In the case of "Tessy" above, there are actually very few permutations at the (d=2) and (d=3), higher levels, with a lot of randomness at (d=1), the lowest level. Yet, if I force the puzzle-solver to look at the problem using logic every time, it will take him ~an unknown number of seconds longer~ to solve a puzzle of a given size.

At least, I say so.

Another little segway I decided to add just now, concerns the question of how, analytically, it's possible to approximate curves, of which a finite number of points and/or derivatives are known, using a polynomial, of an arguably high degree.

Admittdely, when doing so, there will be two obvious technical problems.
1: Outside their intended domain (range of parameter values), polynomials rapidly become unstable, due to their high-order terms taking over, and
2: Actually computing polynomials of a high degree, let's say of the 8th degree, starts to cause round-off errors, as high-order terms become large but are supposed to cancel each other out partailly, so that accurate results remain within the intended domain.

It turns out that the approach above demonstrates that it's possible to satisfy the goal of a set of values, plus a set of derivatives, exactly, as long as at least 1 value is stipulated, and as long as the number of values plus the number of derivatives equals the degree of the polynomial + 1 . My above example uses only one parameter. However, advanced work has been done and documented elsewhere on the Internet, on how to find a polynomial for systems that are "overdetermined", which means that the numbers of values and derivatives exceed the degree, using Polynomial Regression, belonging to Statistics. Hence, in overdetermined examples, the resulting polynomial is an approximation, which may not even satisfy one point exactly. When I discovered the existence of this, I did not incorporate it into my page here, because I cannot prove it.

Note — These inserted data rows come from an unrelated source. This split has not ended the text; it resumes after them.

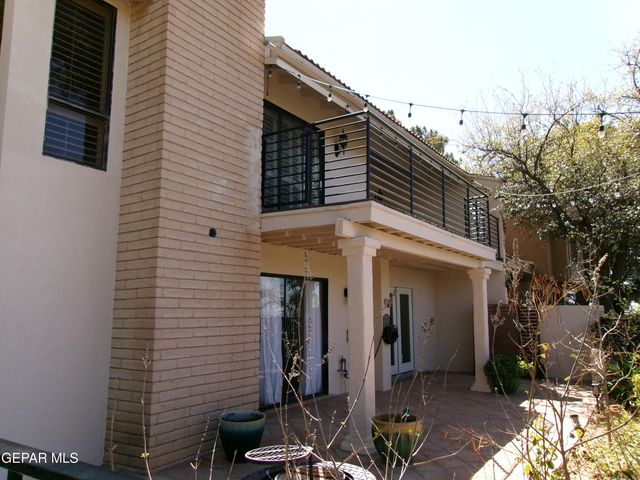 5852 MIRA SERENA Drive, El Paso, TX 79912
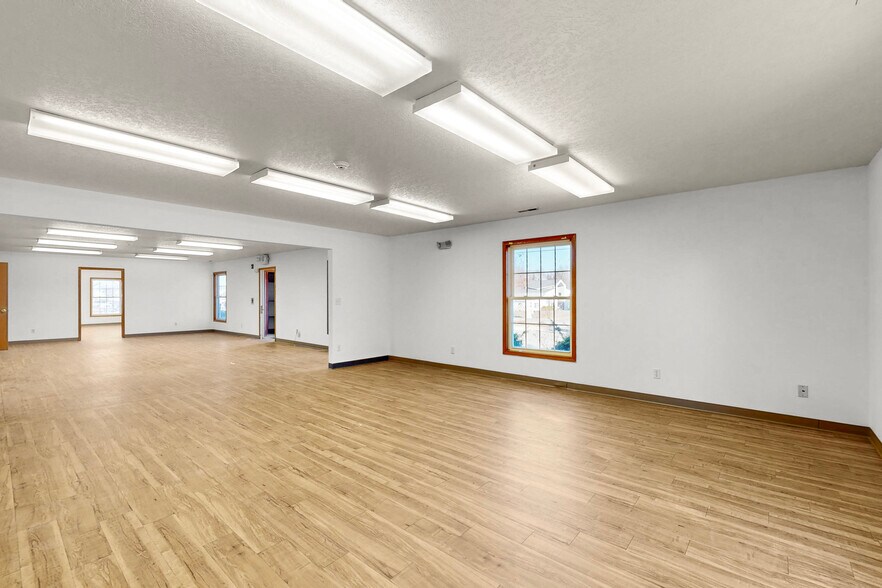More Photos Of 1420 W Broadway St, Polk City Office For Lease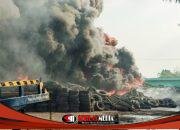 Gudang Pengolah Ban Bekas di Mojokerto Terbakar, Asap Hitam Membubung Tinggi di Jalur By Pass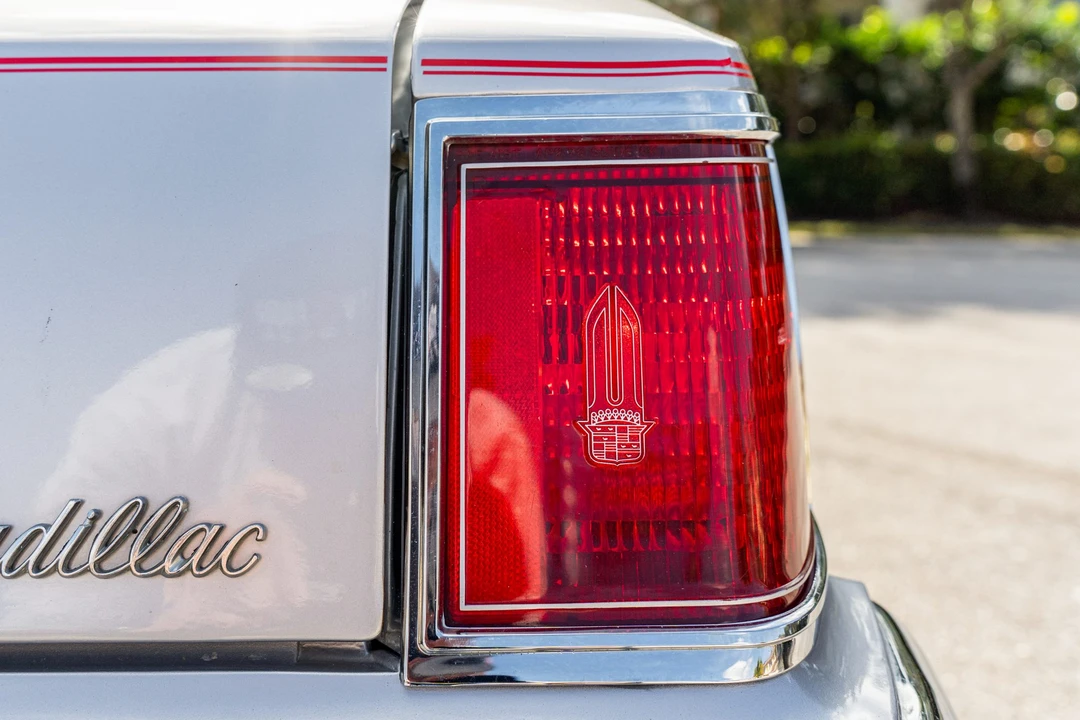 1976 Cadillac Seville - Image 22 of 31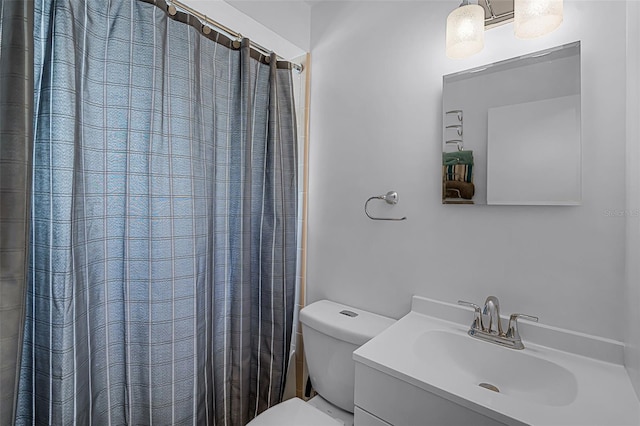 2481 12th Ave SW, Largo, FL 33770 - bathroom with vanity and a shower with curtain
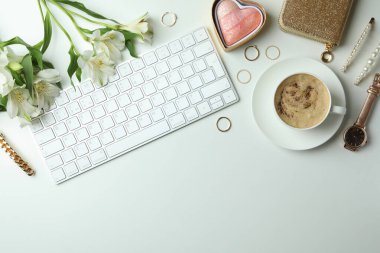 Beyaz arka planda farklı aksesuarlara sahip kadın konsepti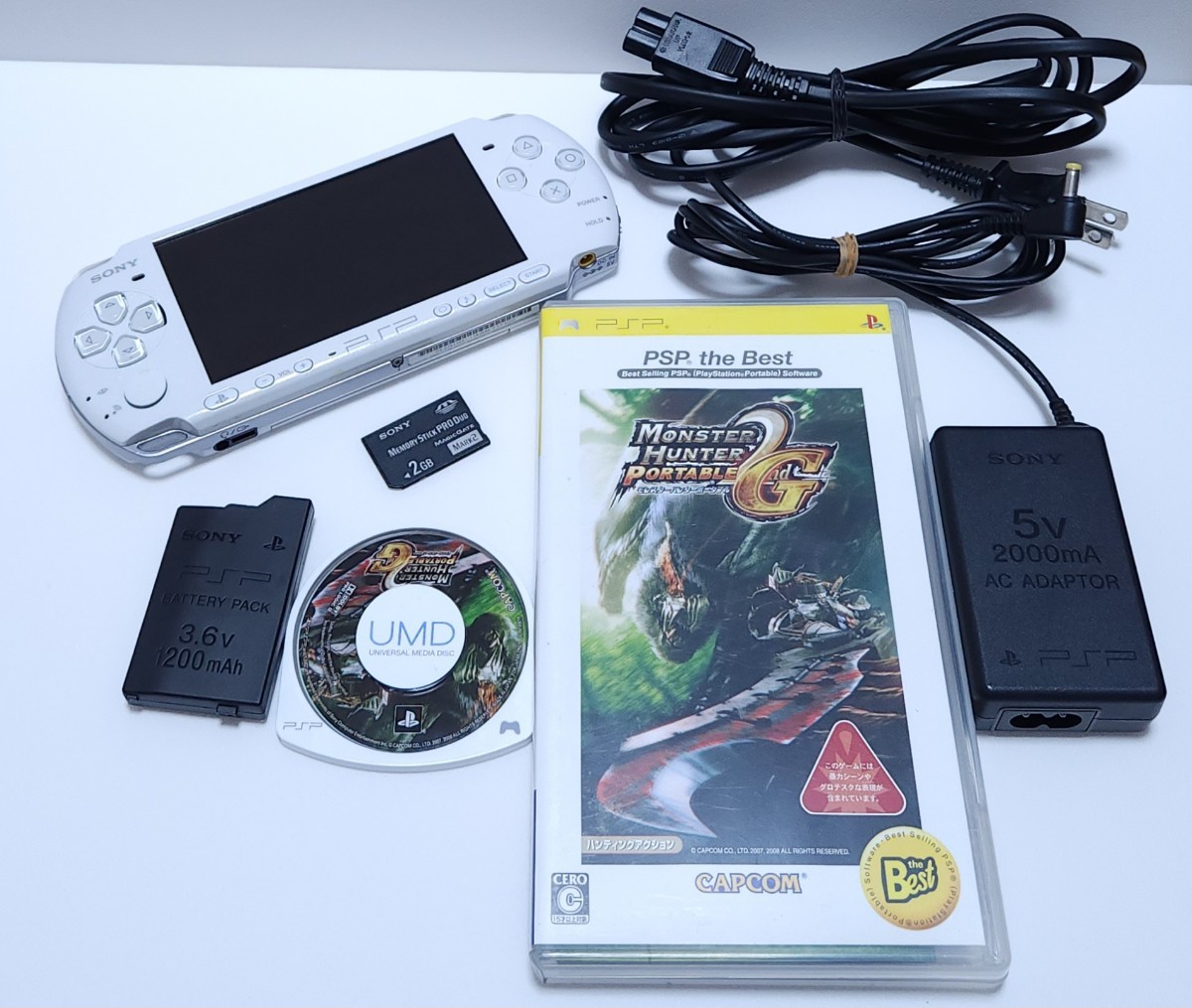 美品 / 動作品 希少品 SONY PSP-3000 パール・ホワイト ソニー PSP-3000 pearl white 本体 + 2GB メモリカ + ゲーム+バッテリ(280)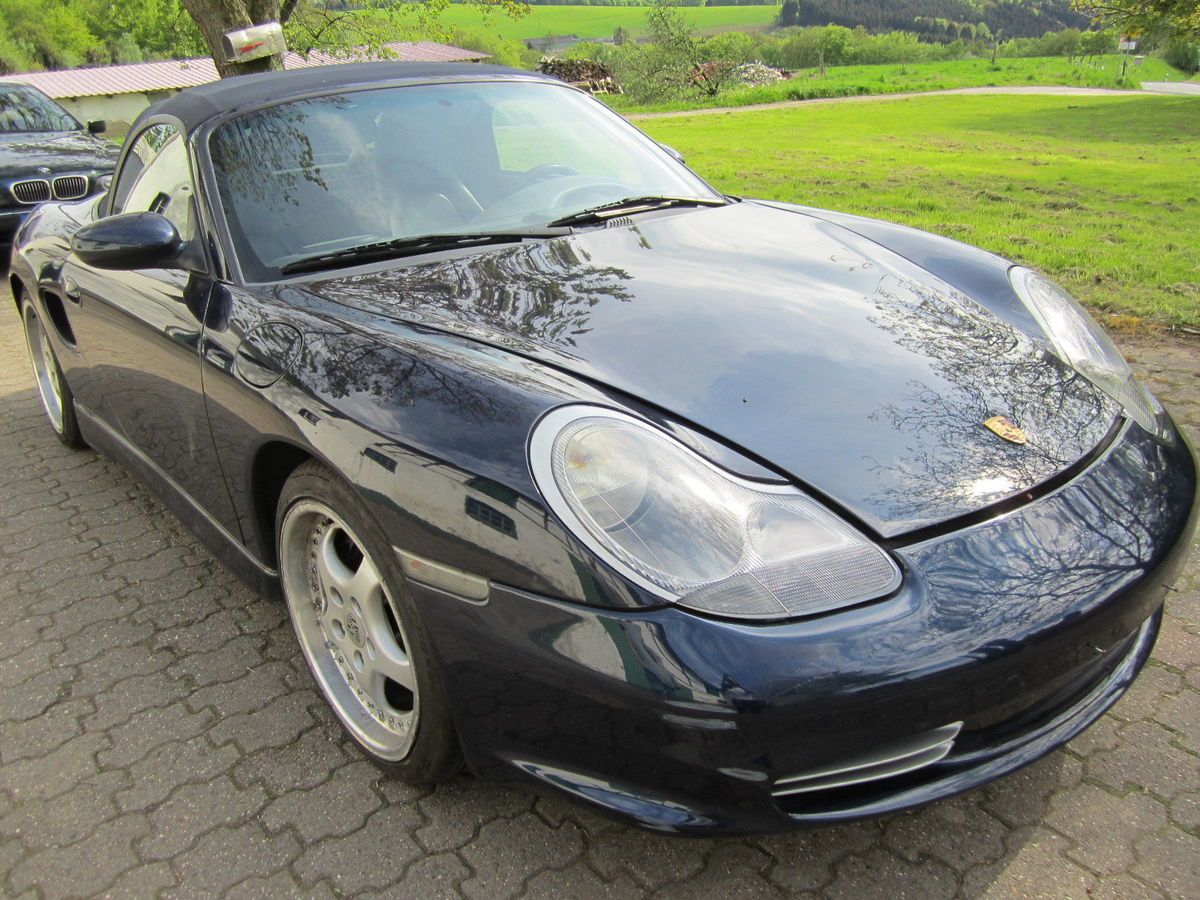 PORSCHE Boxster 986 2,5L / 2,7L   Unfallfrei   ohne Motor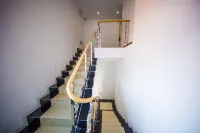 Qingdao Wanqi Homestay (Zhanqiao Zhongshan Road Subway Station)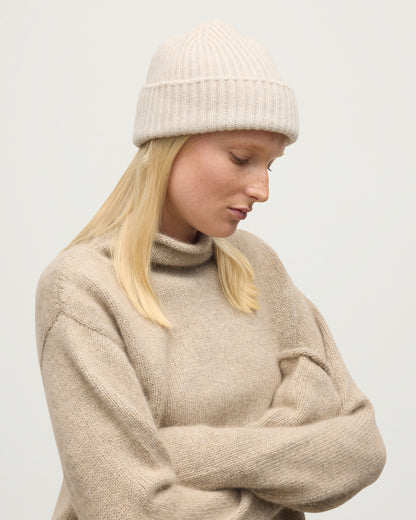 LOVAT HAT NATURAL 100% CASHMERE ON A MODEL WEARING A NATURAL FUNNEL NECK CASHMERE SWEATER HAY03614HA0402ONE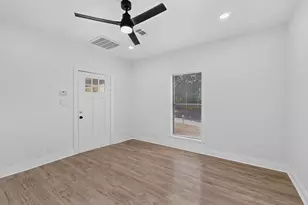 2609 Avenue G, Fort Worth, TX 76105 - Photo 5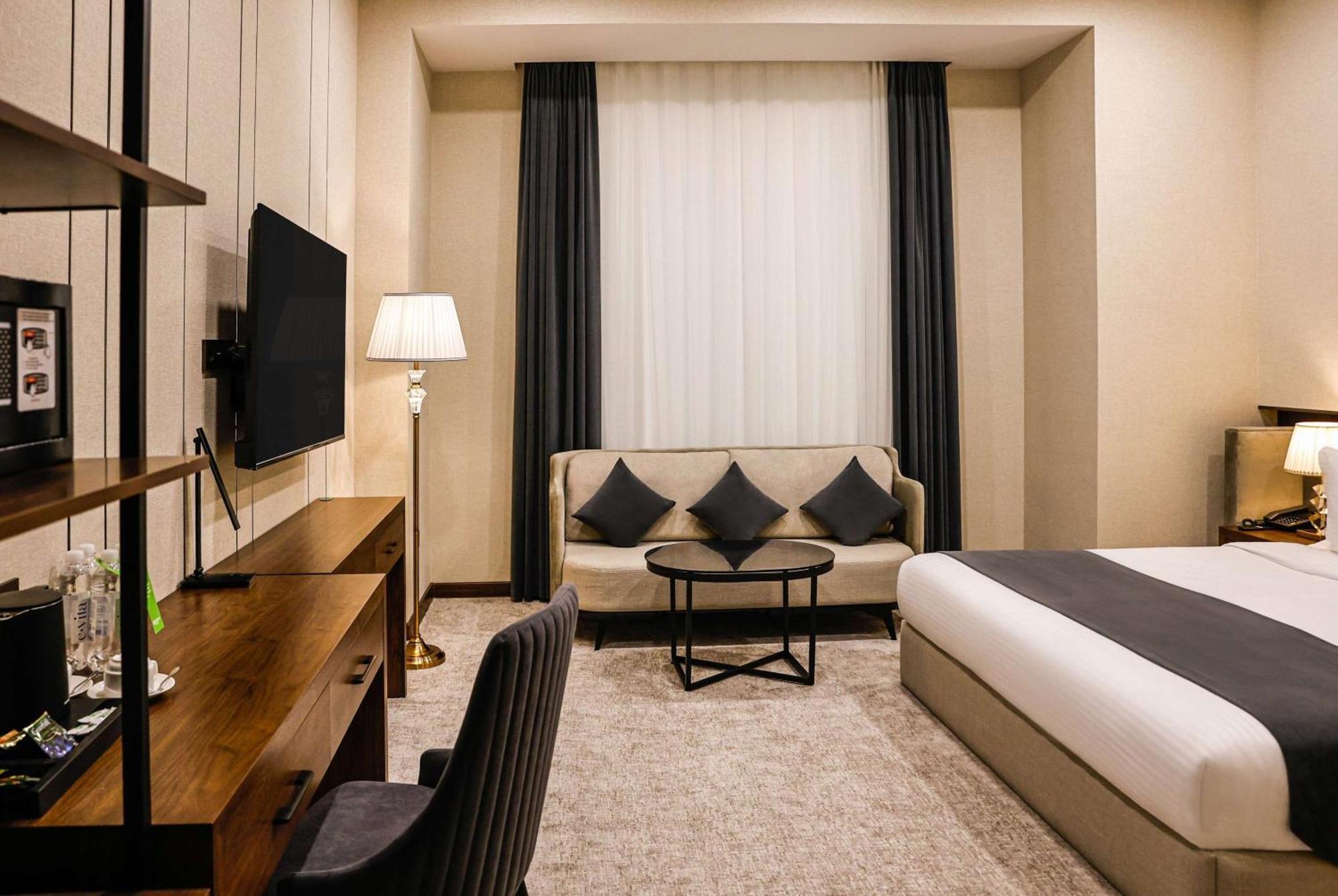 ホテル Wyndham Garden タシュケント エクステリア 写真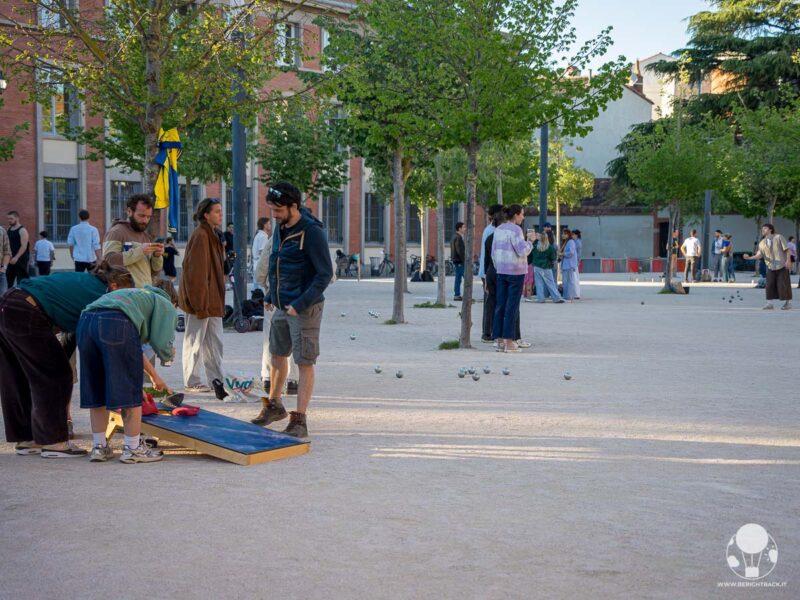 cosa-vedere-a-tolosa-basilica-san-sernin-giochi-in-piazza-berightback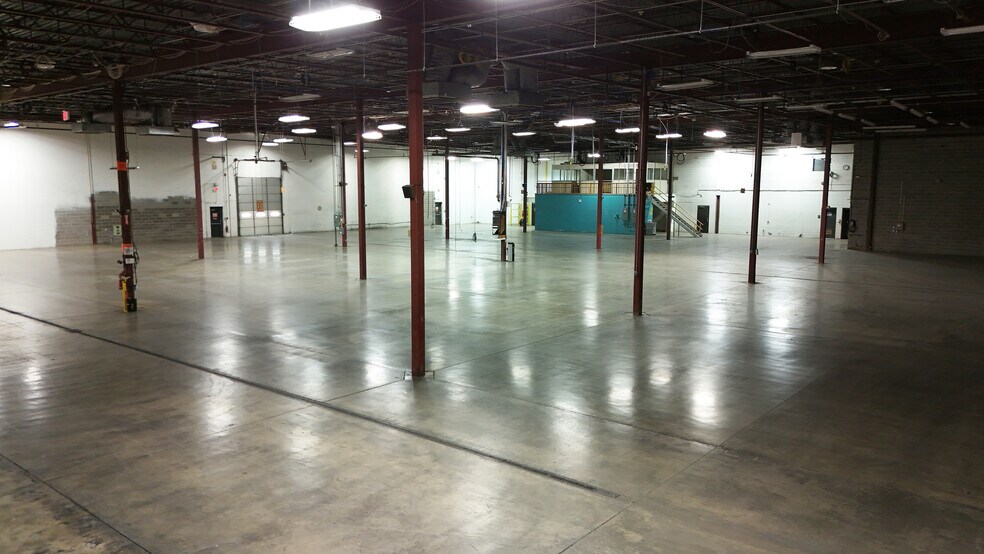 More Photos Of 21 Elm St, Watervliet Manufacturing For Sale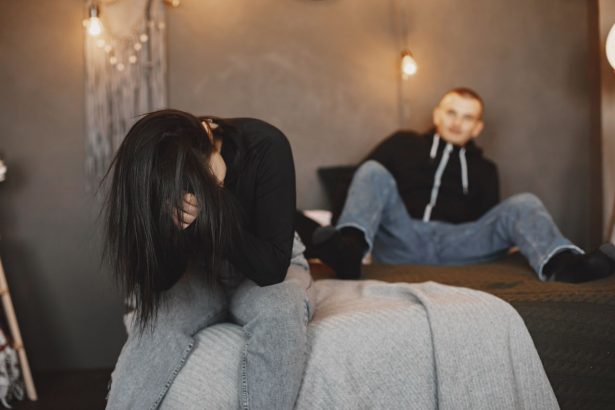 Manipulasi Tersembunyi dalam Hubungan Romantis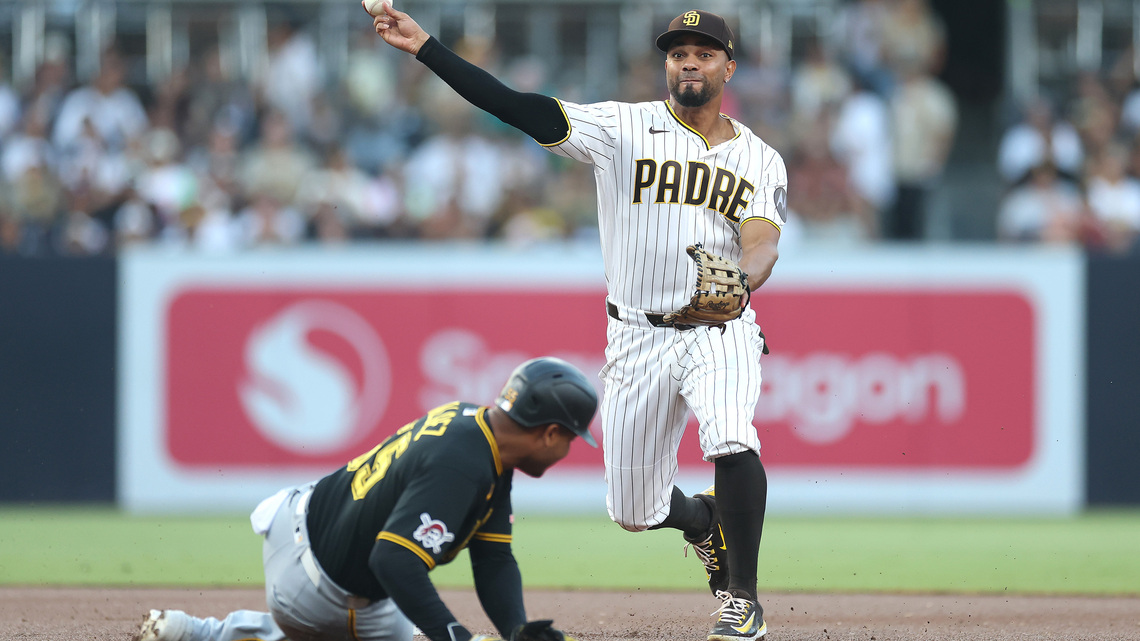 Padres miss golden chances, fall to Pirates in 12 innings 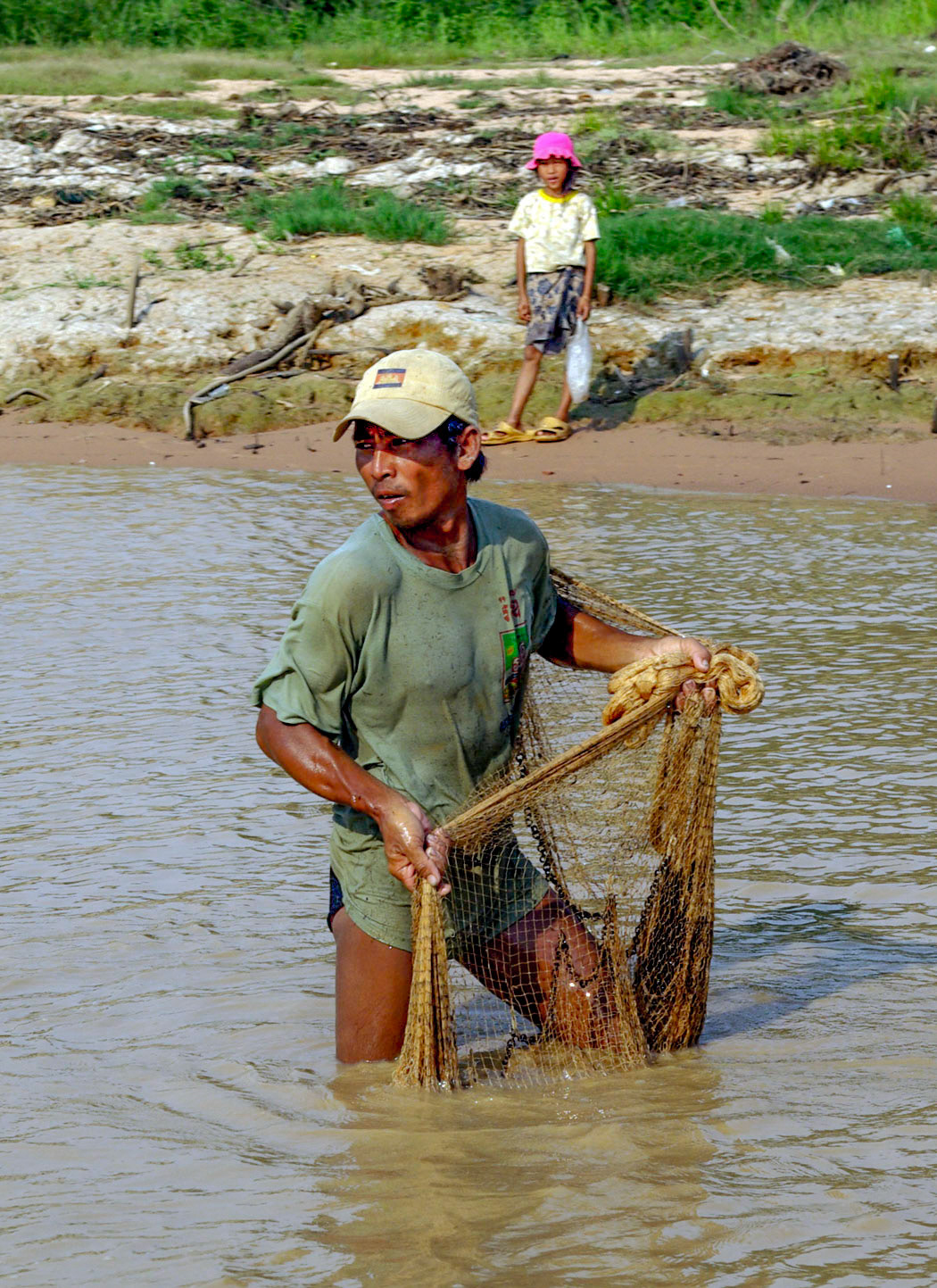 Fisherman in Tonle Sap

Further, instead of working in the 2D realm with the single parameter (u), it's possible to invent a second parameter (v) such that (v = 1 - u). And instead of working in the 3D realm wih the parameters (u, v) , it's posible to invent a third parameter (w) such that (w = 1 - u -v). I have learned that this approach is often taken in practical computing, because it gives simplicity to the cubic interpolation specifically.

The segway which I had already published above, into Shaders, records some of my observations into this practical pproach to cubic splines and surfaces, because they get used in Dx 11 Shaders, that have Hardware Tessellators:

My own Shader does not involve any Tessellators.